その言葉に平助の傷や新八さんの傷が目に浮かび、ぞくりとした悪寒が背中を走り抜けた。まさか、ぬくぬくと現代で生きていた私が斬り合いをこんな身近なものに感じる日が来るなんて。ほんと、想像もしてなかった。

ふと池田屋の方を見れば、その中からは様々な"声"が聞こえてくる。なかには耳を塞ぎたくなるような"声"も。
それを聞いてか、人混みの中からは「壬生狼は鬼や!!」と、新選組を非難するようなヤジが絶えず上がっていた。
それはまさに以前の私の胸中と言ったところか。でも今は違う。皆の戦う理由を私は知っているから。



「そういや…総司見たか?」

「え?ううん。私、まだ来たばっかだけど」

「あいつ…、上からまだ戻ってきてねぇかもしれねぇ。もしかしたら…」


平助の言葉に今度こそクラリとした。
総司くんが戻ってきてないかもしれない?もしかしたら?…もしかしたらって何?

私の顔色が変わったのを平助は見逃さなかったんだと思う。ハッとした様子で「いや、でも総司に限ってな!もしかしたらもう下で刀振り回してっかもしれねーし!」と言葉を続けた。

でも私は"もしかしたら"って言葉が頭から離れない。
もし総司くんが斬られて怪我をしていたら…?その場に倒れていたら…?
いや、していないかもしれない。平助の言う通り、下で刀を振り回してるのかもしれない。
でも…もしかしたら…

斬り合いの中をくぐり抜けるのは怖い。怖いし皆の邪魔になってしまうかもしれない。
でも…
でも傷を負った仲間をそのままにしておくわけにはいかない。もしかしたら今手当てすれば、その仲間は助かるかもしれないもの。


「…おい。馬鹿なこと考えてねーよな?」


握られた手に力が入る。きっと私の手の震えが伝わったのかもしれない。
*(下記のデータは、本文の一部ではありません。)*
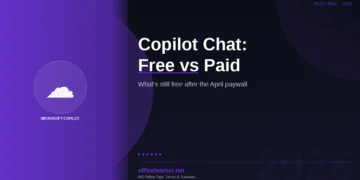 Microsoft Copilot Chat in 2026: What's Still Free in Word, Excel, and PowerPoint After the April Paywall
やだ、平助ってば。お前は浮気を疑う嫁さんかっつーの。
……勘が鋭い。


「ちょっと見てくる!!」

「おいっ、待て…!!ふざけんな!!!」


もう止められたって止まらない。
傷を負った平助を怒鳴せたのは申し訳ない。でももう迷わないって決めたんだもの!!

私は握られていた平助の手を振りほどき、怒号を背に受けながら池田屋へと迷わず飛び込んだ。